The case concerned a pub in Pontefract, West Yorkshire, which was purchased by a couple in 2006. The property was connected to a septic tank that drained into a ditch across the road, but the ditch formed part of their neighbour’s property.
Since there was no legal right of access to the neighbouring property – which belonged to a farmer – we were approached by the couple’s solicitor to provide a Services indemnity to cover the lack of a right to maintain or repair the services to the property. We duly obliged and offered a policy with a £685,000 limit of indemnity, and cover commenced in March 2006.
In October 2012, after more than six trouble-free years, we were notified of a claim under the policy. There had been problems with the functionality of the septic tank’s outflow pipe, which resulted in raw sewage being discharged onto the neighbour’s field.
Naturally, the pub owners sought to upgrade the system and repair the outflow pipe, but the farmer refused to allow the outflow to continue on his land. In the meantime, the pipe had to be blocked off, which meant that the owners had to pay a waste disposal company to remove the waste.
Our Claims team’s first course of action was to look to defend the position of our insured couple on the basis of a prescriptive right over the farmer’s land. This seemed perfectly reasonable, given that the services had been connected to the pub via the farmer’s field for around 30 years.

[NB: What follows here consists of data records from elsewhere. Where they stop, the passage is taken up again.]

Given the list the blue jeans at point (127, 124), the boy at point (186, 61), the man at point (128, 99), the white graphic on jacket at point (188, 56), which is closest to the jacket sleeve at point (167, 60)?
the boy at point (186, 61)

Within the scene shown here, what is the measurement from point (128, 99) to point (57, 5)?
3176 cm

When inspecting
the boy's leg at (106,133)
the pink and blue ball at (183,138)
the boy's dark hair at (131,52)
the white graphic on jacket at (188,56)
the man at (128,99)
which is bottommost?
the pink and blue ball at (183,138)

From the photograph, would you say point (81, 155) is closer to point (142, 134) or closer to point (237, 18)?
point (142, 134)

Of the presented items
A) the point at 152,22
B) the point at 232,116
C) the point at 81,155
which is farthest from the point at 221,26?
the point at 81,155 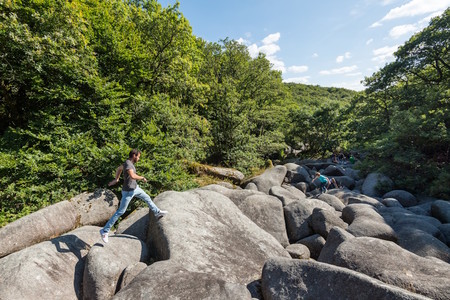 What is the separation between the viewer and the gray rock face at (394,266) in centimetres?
362

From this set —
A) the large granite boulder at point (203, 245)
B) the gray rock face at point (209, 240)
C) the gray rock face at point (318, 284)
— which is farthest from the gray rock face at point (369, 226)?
the gray rock face at point (318, 284)

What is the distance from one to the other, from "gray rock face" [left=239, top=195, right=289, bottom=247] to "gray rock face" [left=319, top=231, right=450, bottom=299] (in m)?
3.18

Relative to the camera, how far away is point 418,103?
17.4m

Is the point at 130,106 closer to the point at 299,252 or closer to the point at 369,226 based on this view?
the point at 299,252

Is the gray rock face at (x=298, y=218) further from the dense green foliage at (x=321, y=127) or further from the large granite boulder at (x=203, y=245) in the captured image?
the dense green foliage at (x=321, y=127)

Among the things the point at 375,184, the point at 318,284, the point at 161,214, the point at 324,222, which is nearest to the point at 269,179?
the point at 375,184

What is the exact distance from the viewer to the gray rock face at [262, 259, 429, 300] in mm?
2885

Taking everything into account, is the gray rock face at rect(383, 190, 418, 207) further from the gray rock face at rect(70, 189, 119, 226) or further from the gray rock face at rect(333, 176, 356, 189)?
the gray rock face at rect(70, 189, 119, 226)

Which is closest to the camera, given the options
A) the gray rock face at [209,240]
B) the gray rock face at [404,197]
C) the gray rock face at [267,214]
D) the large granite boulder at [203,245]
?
the large granite boulder at [203,245]

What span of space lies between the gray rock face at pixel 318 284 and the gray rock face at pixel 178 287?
0.59 m

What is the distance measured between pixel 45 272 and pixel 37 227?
2.30m

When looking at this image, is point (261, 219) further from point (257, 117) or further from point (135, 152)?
point (257, 117)

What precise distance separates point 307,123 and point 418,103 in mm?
12590

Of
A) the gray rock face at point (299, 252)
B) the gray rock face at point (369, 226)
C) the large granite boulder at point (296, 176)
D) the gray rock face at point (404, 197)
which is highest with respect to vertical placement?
the gray rock face at point (369, 226) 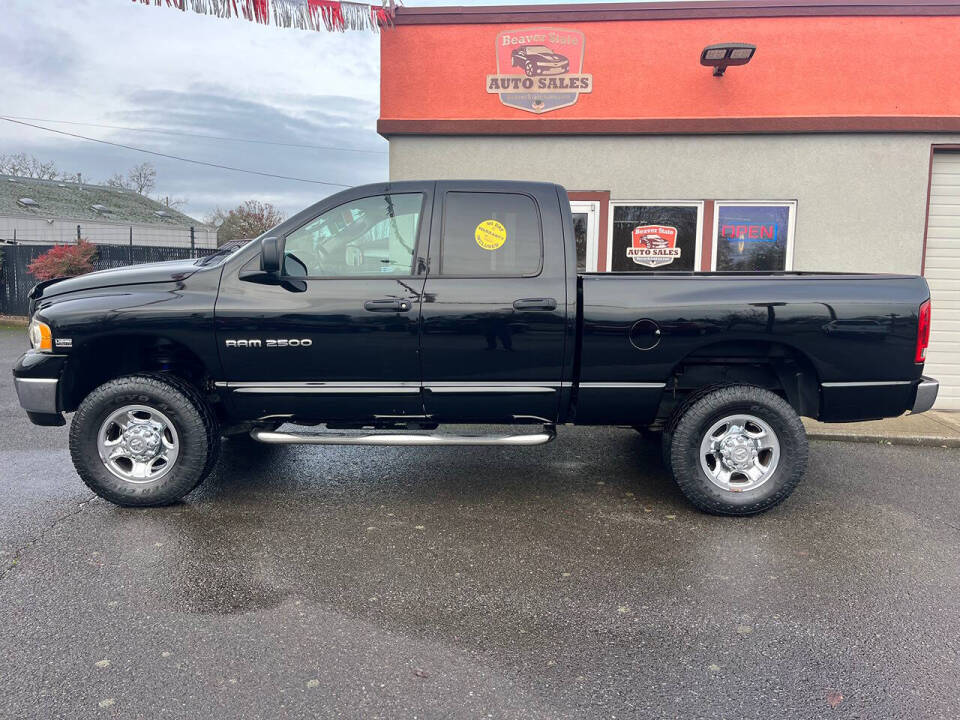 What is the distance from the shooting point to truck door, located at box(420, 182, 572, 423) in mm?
4449

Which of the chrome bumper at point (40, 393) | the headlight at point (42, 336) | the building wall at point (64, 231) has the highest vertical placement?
the building wall at point (64, 231)

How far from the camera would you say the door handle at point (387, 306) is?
4.43 metres

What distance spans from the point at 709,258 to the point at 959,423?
3136mm

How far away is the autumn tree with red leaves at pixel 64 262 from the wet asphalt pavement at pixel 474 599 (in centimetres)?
1227

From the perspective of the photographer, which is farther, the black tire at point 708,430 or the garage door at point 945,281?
the garage door at point 945,281

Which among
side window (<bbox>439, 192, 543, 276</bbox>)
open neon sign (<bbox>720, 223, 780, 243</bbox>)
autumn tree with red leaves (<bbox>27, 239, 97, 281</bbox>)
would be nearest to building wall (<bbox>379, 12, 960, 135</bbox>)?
open neon sign (<bbox>720, 223, 780, 243</bbox>)

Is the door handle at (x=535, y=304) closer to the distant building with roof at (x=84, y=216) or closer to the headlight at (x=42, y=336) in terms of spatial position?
the headlight at (x=42, y=336)

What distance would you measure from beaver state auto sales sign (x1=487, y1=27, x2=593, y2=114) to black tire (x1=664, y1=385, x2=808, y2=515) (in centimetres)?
542

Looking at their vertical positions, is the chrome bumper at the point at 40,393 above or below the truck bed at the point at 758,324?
below

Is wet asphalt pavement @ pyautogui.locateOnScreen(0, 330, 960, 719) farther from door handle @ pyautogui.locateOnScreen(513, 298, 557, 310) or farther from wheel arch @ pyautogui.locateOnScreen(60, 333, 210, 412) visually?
door handle @ pyautogui.locateOnScreen(513, 298, 557, 310)

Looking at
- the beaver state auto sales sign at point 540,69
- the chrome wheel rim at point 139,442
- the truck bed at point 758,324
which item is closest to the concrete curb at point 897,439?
the truck bed at point 758,324

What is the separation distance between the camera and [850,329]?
4.44 meters

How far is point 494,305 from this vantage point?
445cm

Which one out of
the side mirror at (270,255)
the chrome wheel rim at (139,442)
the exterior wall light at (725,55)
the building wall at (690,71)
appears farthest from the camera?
the building wall at (690,71)
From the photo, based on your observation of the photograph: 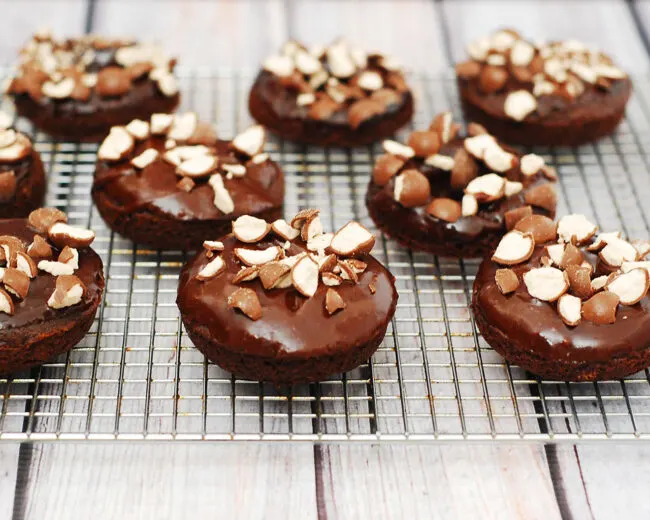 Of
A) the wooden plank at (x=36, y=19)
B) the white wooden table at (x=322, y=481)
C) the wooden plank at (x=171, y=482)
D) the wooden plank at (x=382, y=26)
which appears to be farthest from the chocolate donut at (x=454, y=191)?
the wooden plank at (x=36, y=19)

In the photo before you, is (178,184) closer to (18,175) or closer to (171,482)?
(18,175)

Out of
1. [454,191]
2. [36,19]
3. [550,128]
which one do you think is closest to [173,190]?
[454,191]

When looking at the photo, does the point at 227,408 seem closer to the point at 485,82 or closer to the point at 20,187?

They were hoping to prove these prescriptive rights through a declaration from a neighbouring owner, but he unfortunately passed away. As the wife of the deceased did not feel comfortable making a statement to support the prescriptive right claim, our team had to look for an alternative way to assist.
The Claims team initiated negotiations with the farmer in early 2013 for a legal easement. There were several delays in the discussions though, particularly as the farmer had requested that we revisit the matter with him after the harvest in 2013. By the end of that year, after much to-ing and fro-ing, it became clear that an agreement was not going to be reached.
Keen to resolve the issue for the pub owners, our team instead sought advice from a drainage consultant to investigate an alternative route for the services. After an alternative route was identified, planning permission was granted by the local authority in August 2014 to connect the pub to the sewer system.
The problems didn’t end there. The region’s water authority, Yorkshire Water, was initially unable to locate the nearest manhole, causing further delays. When they finally did, it was discovered that the existing drain was badly damaged. Yorkshire Water indicated that they had no intention of repairing the drain, which meant a connection to the sewer had to be made further up the road, leading to significant additional costs.
The claim had lasted for more than two years, with a number of unexpected twists and turns along the way, but matters came to a conclusion in March 2015 when the bulk of the works were completed.
In total, costs came to over £220,000 which included more than £140,000 for the new sewer connection, plus significant fees paid to the waste disposal company to remove waste from the property over a period of more than two years. Most importantly though, the owners of the pub were able to continue running their business, just with a little less stress than before.